Ok, here's the deal.  I'm taking a machine learning class using primarily Bishop's text. Awesome book. Awesome class.<p>How do you all suggest I implement the material though?  In class we use MATLAB, but I'm slightly hesitant because I want to create some cool web applications.<p>O'Reilly's book Collective Intelligence uses Python, which I don't know, but I would learn it if it would be worth it.<p>Would I also have to learn Django?<p>Any insight would be greatly appreciated.
======
imusicmash
I think the Programming Collective Intelligence is going to go down as one of
the most important and influential books of the decade.

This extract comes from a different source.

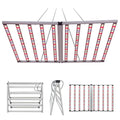 LEDILAND 800W UV IR Full Spectrum 12-Bar Indoor Grow Light High-Intensity 1000W 1200W Blue White LM301H IP54 48H Bloom Aluminum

I'm a product manager, but was a Java & Perl programmer previously. I didn't
know Python before I read this book. But the concepts are presented so
clearly, the examples use web APIs, and the spark of creativity each chapter
brings too great, that I could not resist the urge to fire up iPython on my
Mac and play with some of the algorithms.

The book's examples are all command-line driven. But I've also converted a few
of the examples into web projects to help me explore the possibilities more
efficiently and demo/prototype some things for my company. Python works
perfectly well as a CGI web application and you don't need the overhead of
Django for learning and taking examples from this book to the next level.

I've since read several data mining and machine learning books, and must say
that none come close to the breadth, programming detail, and hands-on ease
presented in this book.

The book has created a rich opportunity to learn and explore concepts such as
collaborative filtering, clustering, optimization, decision trees, and text
mining with Bayesian classification.

Python is easy to read and learn.

------
aschobel
Mahout looks like a really interesting project which has a bunch of Java
machine learning algorithm implementations build on top of Hadoop.

<http://lucene.apache.org/mahout/>

You can glean some good idea from there. Hadoop has a bunch of python
libraries if you want to go that route and write it yourself.

" In class we use MATLAB, but I'm slightly hesitant because I want to create
some cool web applications."

It shouldn't really mater, just write a Thrift Service and you can call MATLAB
from whatever your favorite language is.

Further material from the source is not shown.